=== Dataset records ===
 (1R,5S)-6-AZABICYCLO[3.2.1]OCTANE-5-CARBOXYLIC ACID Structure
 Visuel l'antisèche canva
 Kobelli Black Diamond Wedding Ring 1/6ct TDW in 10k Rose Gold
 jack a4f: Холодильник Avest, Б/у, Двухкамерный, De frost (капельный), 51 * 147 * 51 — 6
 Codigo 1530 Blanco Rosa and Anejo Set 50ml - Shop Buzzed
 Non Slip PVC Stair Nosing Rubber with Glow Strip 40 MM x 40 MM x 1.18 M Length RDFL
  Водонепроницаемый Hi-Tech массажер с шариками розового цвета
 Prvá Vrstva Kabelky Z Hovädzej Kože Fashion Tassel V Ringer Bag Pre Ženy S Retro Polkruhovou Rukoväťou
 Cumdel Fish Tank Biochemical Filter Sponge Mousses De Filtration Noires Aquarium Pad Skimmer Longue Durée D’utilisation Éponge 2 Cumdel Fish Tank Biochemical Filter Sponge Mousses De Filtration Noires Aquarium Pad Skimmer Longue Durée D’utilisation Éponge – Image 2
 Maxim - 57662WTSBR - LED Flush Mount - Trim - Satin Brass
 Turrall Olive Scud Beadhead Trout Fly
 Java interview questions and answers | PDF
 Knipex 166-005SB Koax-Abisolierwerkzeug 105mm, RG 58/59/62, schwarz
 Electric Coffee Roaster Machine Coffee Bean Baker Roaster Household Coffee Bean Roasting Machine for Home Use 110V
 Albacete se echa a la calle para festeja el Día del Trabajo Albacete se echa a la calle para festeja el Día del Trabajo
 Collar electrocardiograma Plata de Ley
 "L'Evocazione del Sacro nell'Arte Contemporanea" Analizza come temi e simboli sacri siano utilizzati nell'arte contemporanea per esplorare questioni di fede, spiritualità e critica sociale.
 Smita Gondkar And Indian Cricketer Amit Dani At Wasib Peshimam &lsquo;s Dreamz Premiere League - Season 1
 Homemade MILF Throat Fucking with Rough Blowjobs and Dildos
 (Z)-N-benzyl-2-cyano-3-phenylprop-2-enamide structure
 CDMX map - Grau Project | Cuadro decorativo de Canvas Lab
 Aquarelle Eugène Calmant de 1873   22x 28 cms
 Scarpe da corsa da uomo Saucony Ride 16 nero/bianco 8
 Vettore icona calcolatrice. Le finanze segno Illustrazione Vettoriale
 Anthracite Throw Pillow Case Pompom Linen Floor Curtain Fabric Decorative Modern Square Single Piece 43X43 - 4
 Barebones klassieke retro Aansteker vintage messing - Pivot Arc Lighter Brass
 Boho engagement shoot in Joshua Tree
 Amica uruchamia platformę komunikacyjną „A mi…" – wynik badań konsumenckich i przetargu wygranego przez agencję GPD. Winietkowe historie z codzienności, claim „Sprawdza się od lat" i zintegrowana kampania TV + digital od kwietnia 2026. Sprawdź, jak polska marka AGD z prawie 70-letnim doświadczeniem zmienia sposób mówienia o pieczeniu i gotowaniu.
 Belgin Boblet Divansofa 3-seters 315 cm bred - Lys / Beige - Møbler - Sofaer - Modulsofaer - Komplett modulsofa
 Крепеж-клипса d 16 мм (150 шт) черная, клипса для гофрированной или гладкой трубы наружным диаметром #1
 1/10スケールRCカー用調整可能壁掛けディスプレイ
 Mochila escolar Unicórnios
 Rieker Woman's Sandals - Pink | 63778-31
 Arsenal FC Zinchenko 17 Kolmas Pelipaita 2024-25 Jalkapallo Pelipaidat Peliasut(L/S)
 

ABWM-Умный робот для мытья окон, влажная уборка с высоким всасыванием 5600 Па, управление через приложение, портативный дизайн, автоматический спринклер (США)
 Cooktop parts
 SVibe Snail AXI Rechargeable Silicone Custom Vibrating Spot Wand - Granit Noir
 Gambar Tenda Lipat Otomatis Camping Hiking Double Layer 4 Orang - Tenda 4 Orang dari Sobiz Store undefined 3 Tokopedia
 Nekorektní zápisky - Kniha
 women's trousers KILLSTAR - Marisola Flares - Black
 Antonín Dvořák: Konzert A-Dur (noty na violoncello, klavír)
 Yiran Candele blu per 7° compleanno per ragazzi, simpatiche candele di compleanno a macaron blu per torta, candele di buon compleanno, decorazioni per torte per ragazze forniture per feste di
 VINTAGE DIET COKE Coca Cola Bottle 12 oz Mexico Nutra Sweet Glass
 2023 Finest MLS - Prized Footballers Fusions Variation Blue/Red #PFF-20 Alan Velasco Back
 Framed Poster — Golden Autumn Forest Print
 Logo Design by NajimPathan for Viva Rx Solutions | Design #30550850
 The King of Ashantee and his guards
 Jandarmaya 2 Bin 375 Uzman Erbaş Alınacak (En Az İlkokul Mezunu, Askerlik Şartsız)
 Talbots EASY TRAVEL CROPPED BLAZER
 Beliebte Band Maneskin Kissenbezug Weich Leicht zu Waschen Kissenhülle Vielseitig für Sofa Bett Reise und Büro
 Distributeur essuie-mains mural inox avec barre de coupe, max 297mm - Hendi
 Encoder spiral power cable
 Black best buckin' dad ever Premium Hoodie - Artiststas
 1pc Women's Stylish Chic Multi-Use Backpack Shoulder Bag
===
◆ To do:
Now copy each line of the entries that mentions "Brass".

◆ Written reply:
 Maxim - 57662WTSBR - LED Flush Mount - Trim - Satin Brass
 Barebones klassieke retro Aansteker vintage messing - Pivot Arc Lighter Brass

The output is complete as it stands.